Thanks. It's not that I'd need to coax Isabel into chewing on it. I'm just always looking for ways to add a little something extra for her.


----------



## missmarstar (Jul 22, 2007)

Feldenak said:


> Thanks. It's not that I'd need to coax Isabel into chewing on it. I'm just always looking for ways to add a little something extra for her.



I'm sure a small smear of peanut butter on the antler would make her very happy


----------



## KaMu (May 17, 2010)

missmarstar said:


> Yes! Here is the seller's ebay store:
> 
> 
> 
> ...



I want to buy these really large ones like you got in the mail but the site is confusing me......elk or deer? xl and a med? It doesn't take a whole lot to confuse me.  What a great find.
HELP! Roxy s begging, digging in her pocketbook for extra money for the purchase!!!!! lol


----------



## missmarstar (Jul 22, 2007)

KaMu said:


> I want to buy these really large ones like you got in the mail but the site is confusing me......elk or deer? xl and a med?

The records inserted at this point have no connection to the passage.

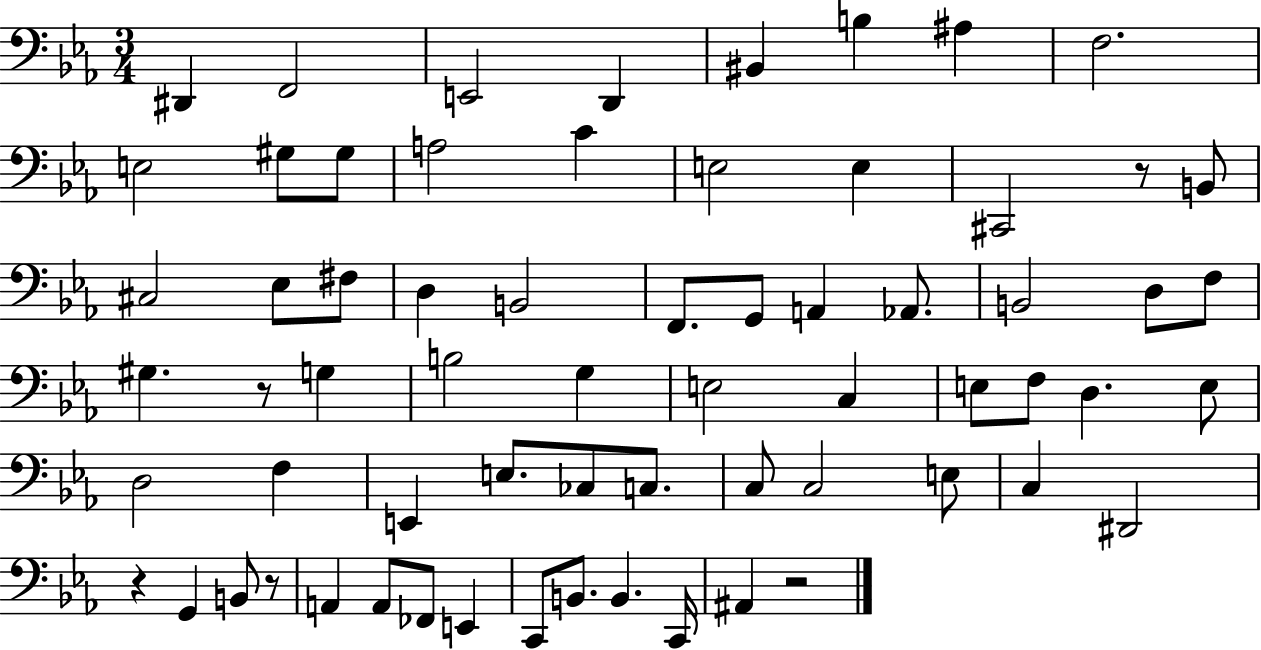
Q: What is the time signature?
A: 3/4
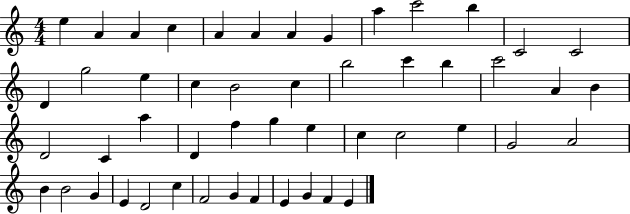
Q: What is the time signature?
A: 4/4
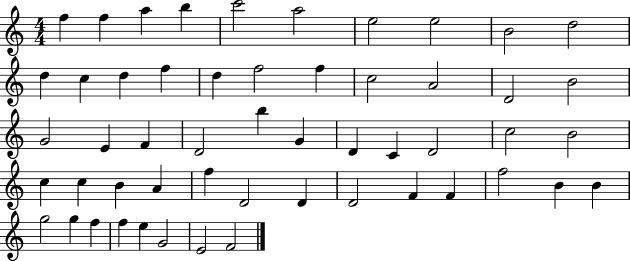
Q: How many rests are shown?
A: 0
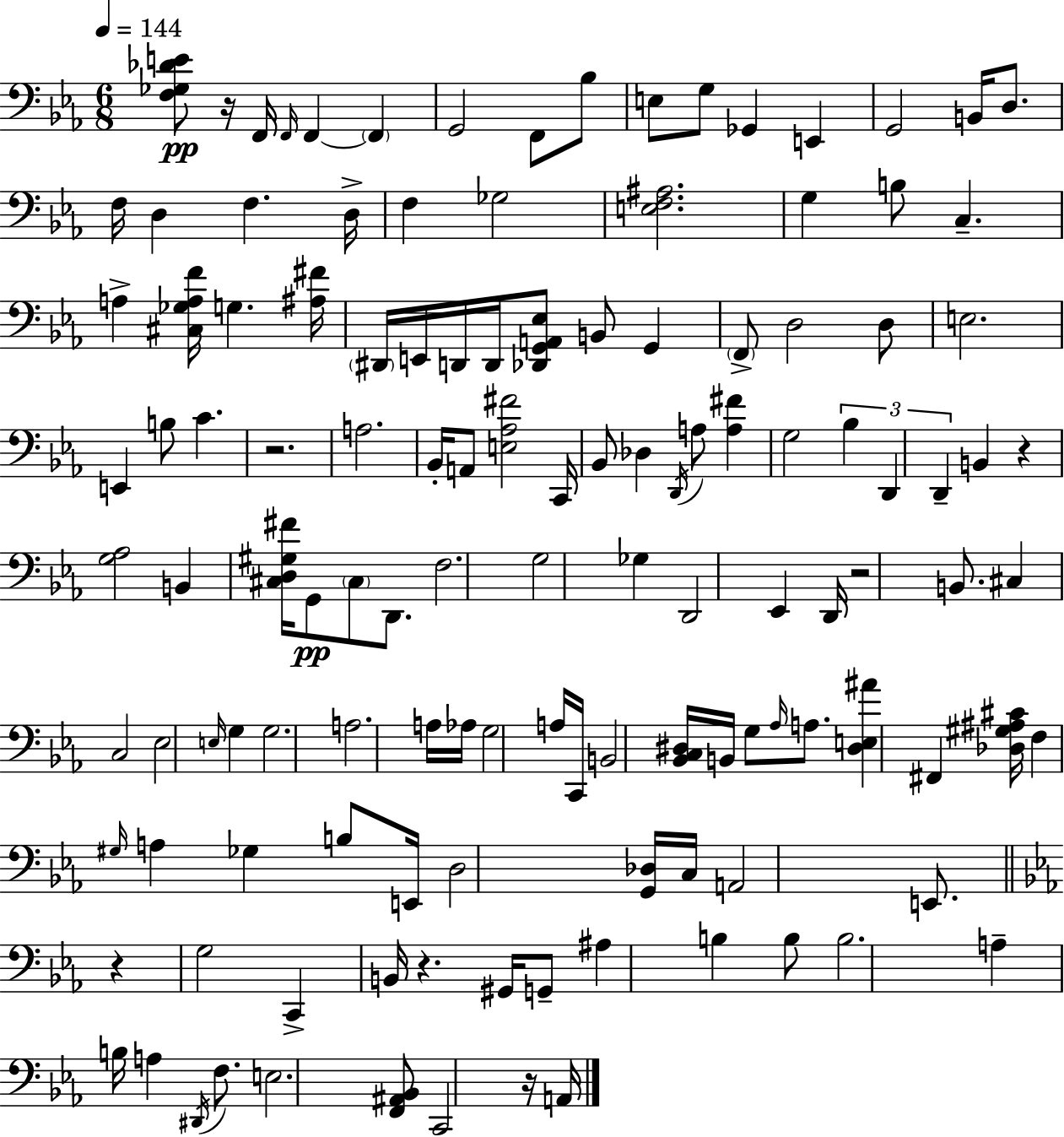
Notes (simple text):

[F3,Gb3,Db4,E4]/e R/s F2/s F2/s F2/q F2/q G2/h F2/e Bb3/e E3/e G3/e Gb2/q E2/q G2/h B2/s D3/e. F3/s D3/q F3/q. D3/s F3/q Gb3/h [E3,F3,A#3]/h. G3/q B3/e C3/q. A3/q [C#3,Gb3,A3,F4]/s G3/q. [A#3,F#4]/s D#2/s E2/s D2/s D2/s [Db2,G2,A2,Eb3]/e B2/e G2/q F2/e D3/h D3/e E3/h. E2/q B3/e C4/q. R/h. A3/h. Bb2/s A2/e [E3,Ab3,F#4]/h C2/s Bb2/e Db3/q D2/s A3/e [A3,F#4]/q G3/h Bb3/q D2/q D2/q B2/q R/q [G3,Ab3]/h B2/q [C#3,D3,G#3,F#4]/s G2/e C#3/e D2/e. F3/h. G3/h Gb3/q D2/h Eb2/q D2/s R/h B2/e. C#3/q C3/h Eb3/h E3/s G3/q G3/h. A3/h. A3/s Ab3/s G3/h A3/s C2/s B2/h [Bb2,C3,D#3]/s B2/s G3/e Ab3/s A3/e. [D#3,E3,A#4]/q F#2/q [Db3,G#3,A#3,C#4]/s F3/q G#3/s A3/q Gb3/q B3/e E2/s D3/h [G2,Db3]/s C3/s A2/h E2/e. R/q G3/h C2/q B2/s R/q. G#2/s G2/e A#3/q B3/q B3/e B3/h. A3/q B3/s A3/q D#2/s F3/e. E3/h. [F2,A#2,Bb2]/e C2/h R/s A2/s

It doesn't take a whole lot to confuse me.  What a great find.
> HELP! Roxy s begging, digging in her pocketbook for extra money for the purchase!!!!! lol


If it helps, this is the specific listing I purchased, in size X-large

2 LBS DEER ELK Antler Dog Chews Deer Treats HARD CORE X-Large - eBay (item 290540684527 end time May-31-11 11:26:32 PDT)


It came with 2 antlers, about 1lb each. I believe, based on their size, that they are elk, but the listing says it could be either deer or elk.


----------



## KaMu (May 17, 2010)

ah ha we found it!


----------



## Florabora22 (Nov 30, 2008)

I guess I shouldn't complain, but Flora just is not a chewer. I bought her an antler a long time ago and all she did was look at it and then look at me like, "...What is this? What am I supposed to do with this?"

Those antlers _are _huge! Sammy and Dillon look like they're in heaven.


----------



## Noey (Feb 26, 2009)

can these harm the teeth in anyway?

Noah is a HUGE chew guy...


----------



## missmarstar (Jul 22, 2007)

Noey said:


> can these harm the teeth in anyway?
> 
> Noah is a HUGE chew guy...



Not any more-so than any other hard chew. There is always the risk of teeth breaking I suppose, but I think the benefits of letting them expel all that chewing energy outweighs that small risk.

If Noah is a big chewer, I think an antler would be great for him! Nothing else lasts as long in my house, even raw bones get chewed down/eaten within a few chew sessions, the antlers are still going strong after being chewed on non-stop for days. They are just barely worn at the ends.


----------



## Jamm (Mar 28, 2010)

Aw that photo is adorable! I LOVE antlers. Joey and his sensitive tummy makes it hard to find good chews for him. Nylabones and antlers are pretty much the only things he can have! Of course though my mom thinks they scratch the floor so he can only chew them on the tile in the kitchen! Lol I found tho that the kind we carry at the pet store I work with need to be soaked in warm water for 10-15mins before Joey will realllyyy chew on them. After I do he goes to town for hours!


----------